A colecistite aguda calculosa é uma condição inflamatória comum da vesícula biliar, geralmente precipitada pela obstrução do ducto cístico por um cálculo biliar. É uma das principais causas de dor abdominal aguda no quadrante superior direito e um tema recorrente em provas de residência. A compreensão de sua fisiopatologia é fundamental para o manejo adequado. A fisiopatologia inicia-se com a impactação de um cálculo no ducto cístico, levando à estase biliar e aumento da pressão intraluminal. Isso causa distensão da vesícula, isquemia da parede e liberação de mediadores inflamatórios, resultando em um processo inflamatório inicialmente estéril. A infecção bacteriana é uma complicação secundária, ocorrendo em cerca de 50-70% dos casos, especialmente em fases mais avançadas ou em pacientes imunocomprometidos. Os principais patógenos são bactérias entéricas como E. coli, Klebsiella e Enterococcus. O diagnóstico baseia-se na tríade de dor no QSD, febre e leucocitose, associada a achados de imagem (ultrassonografia) como espessamento da parede da vesícula, líquido perivesicular e sinal de Murphy ultrassonográfico.
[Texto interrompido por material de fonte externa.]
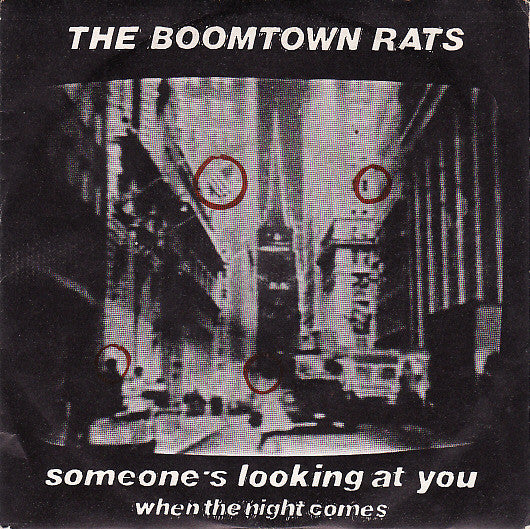 The Boomtown Rats - Someone's Looking At You (7")
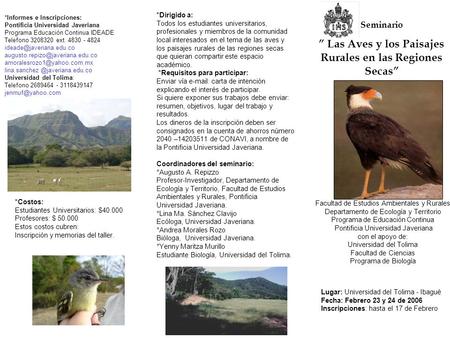 Seminario Las Aves y los Paisajes Rurales en las Regiones Secas Facultad de Estudios Ambientales y Rurales Departamento de Ecología y Territorio Programa.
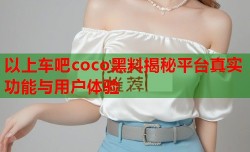 以上车吧coco黑料揭秘平台真实功能与用户体验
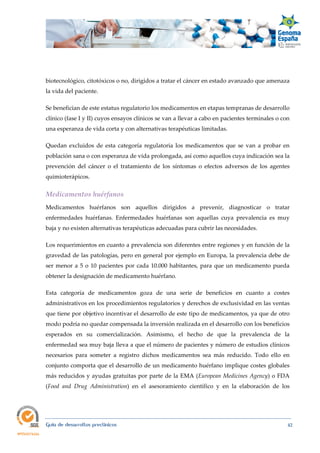  
Guía de desarrollos preclínicos 42
biotecnológico, citotóxicos o no, dirigidos a tratar el cáncer en estado avanzado que amenaza
la vida del paciente.
Se benefician de este estatus regulatorio los medicamentos en etapas tempranas de desarrollo
clínico (fase I y II) cuyos ensayos clínicos se van a llevar a cabo en pacientes terminales o con
una esperanza de vida corta y con alternativas terapéuticas limitadas.
Quedan excluidos de esta categoría regulatoria los medicamentos que se van a probar en
población sana o con esperanza de vida prolongada, así como aquellos cuya indicación sea la
prevención del cáncer o el tratamiento de los síntomas o efectos adversos de los agentes
quimioterápicos.
Medicamentos huérfanos 
Medicamentos huérfanos son aquellos dirigidos a prevenir, diagnosticar o tratar
enfermedades huérfanas. Enfermedades huérfanas son aquellas cuya prevalencia es muy
baja y no existen alternativas terapéuticas adecuadas para cubrir las necesidades.
Los requerimientos en cuanto a prevalencia son diferentes entre regiones y en función de la
gravedad de las patologías, pero en general por ejemplo en Europa, la prevalencia debe de
ser menor a 5 o 10 pacientes por cada 10.000 habitantes, para que un medicamento pueda
obtener la designación de medicamento huérfano.
Esta categoría de medicamentos goza de una serie de beneficios en cuanto a costes
administrativos en los procedimientos regulatorios y derechos de exclusividad en las ventas
que tiene por objetivo incentivar el desarrollo de este tipo de medicamentos, ya que de otro
modo podría no quedar compensada la inversión realizada en el desarrollo con los beneficios
esperados en su comercialización. Asimismo, el hecho de que la prevalencia de la
enfermedad sea muy baja lleva a que el número de pacientes y número de estudios clínicos
necesarios para someter a registro dichos medicamentos sea más reducido. Todo ello en
conjunto comporta que el desarrollo de un medicamento huérfano implique costes globales
más reducidos y ayudas gratuitas por parte de la EMA (European Medicines Agency) o FDA
(Food  and  Drug  Administration) en el asesoramiento científico y en la elaboración de los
O tratamento envolve suporte clínico (analgesia, hidratação), antibióticos (se houver suspeita de infecção ou em casos moderados/graves) e colecistectomia, preferencialmente laparoscópica e precoce, para remover a vesícula biliar.
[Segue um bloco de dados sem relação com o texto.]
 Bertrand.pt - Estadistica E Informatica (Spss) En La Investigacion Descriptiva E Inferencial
A principal causa é a obstrução do ducto cístico por um cálculo biliar, levando ao acúmulo de bile e inflamação da parede da vesícula biliar.
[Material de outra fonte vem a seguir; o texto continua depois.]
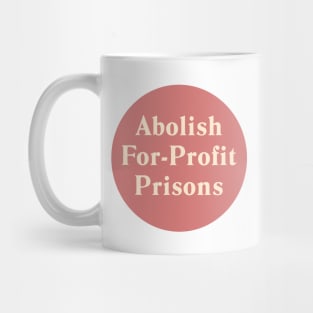 Abolish For Profit Prisons Mug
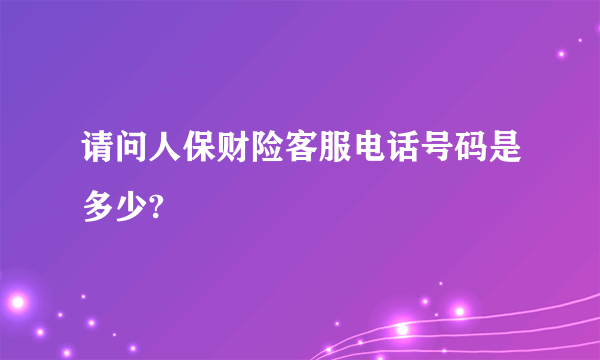 请问人保财险客服电话号码是多少?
A infecção bacteriana é uma complicação secundária que ocorre em fases mais avançadas da colecistite, geralmente após a inflamação inicial estéril, e é mais comum em casos de colecistite grave ou gangrenosa.
O tratamento definitivo é a colecistectomia, preferencialmente realizada precocemente (nas primeiras 72 horas) em pacientes estáveis, para reduzir o risco de complicações e a necessidade de cirurgia de emergência.